Write out exactly the lines of the entries below from the one holding "Emerald Pool - Huawei P40 Kryt 2" to the one holding "Royal Enfield Why", inclusive, and leave out all other lines.

» **DATA SUPPLIED**:

-.-.-

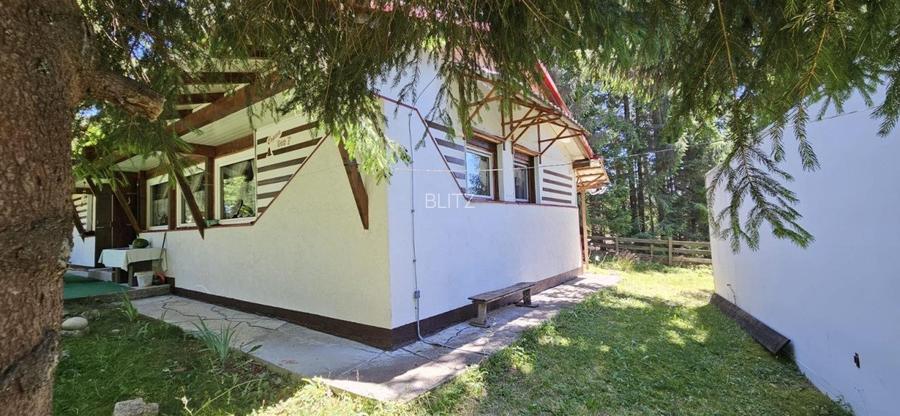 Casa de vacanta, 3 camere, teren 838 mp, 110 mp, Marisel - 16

-.-.-

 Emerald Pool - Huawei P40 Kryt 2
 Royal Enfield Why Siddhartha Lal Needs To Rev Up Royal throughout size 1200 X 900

-.-.-

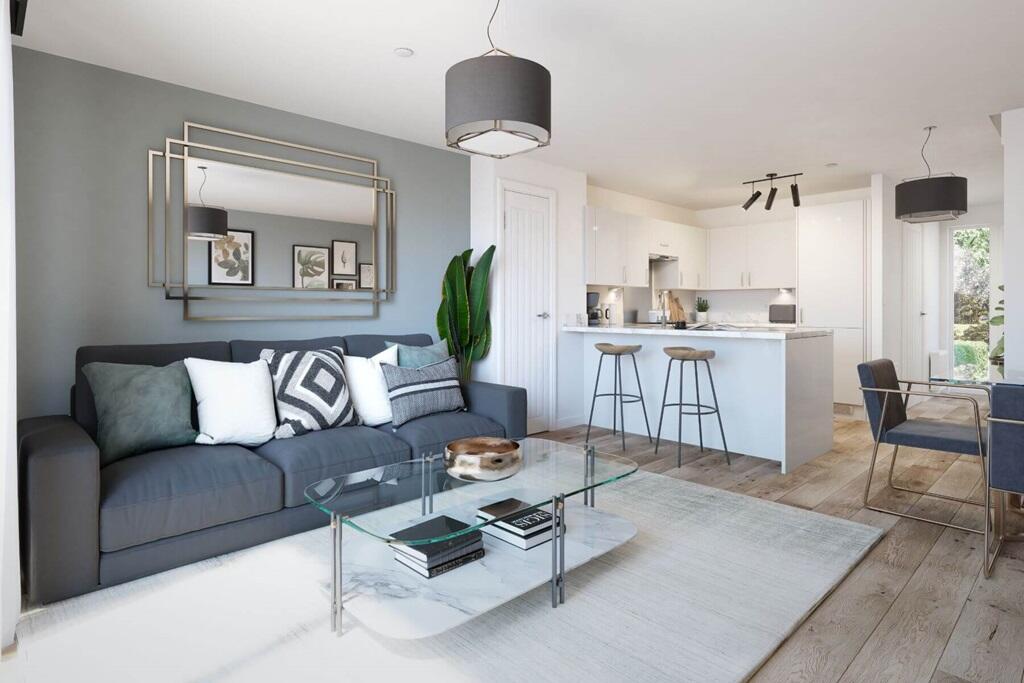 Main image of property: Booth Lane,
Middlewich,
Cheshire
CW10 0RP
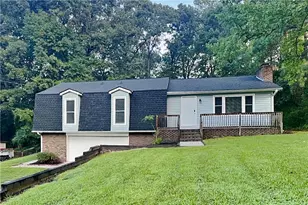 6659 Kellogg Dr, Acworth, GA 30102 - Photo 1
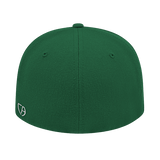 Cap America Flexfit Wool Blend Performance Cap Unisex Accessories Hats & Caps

-.-.-

» **OUTPUT FOR THIS TASK**:
 Emerald Pool - Huawei P40 Kryt 2
 Royal Enfield Why Siddhartha Lal Needs To Rev Up Royal throughout size 1200 X 900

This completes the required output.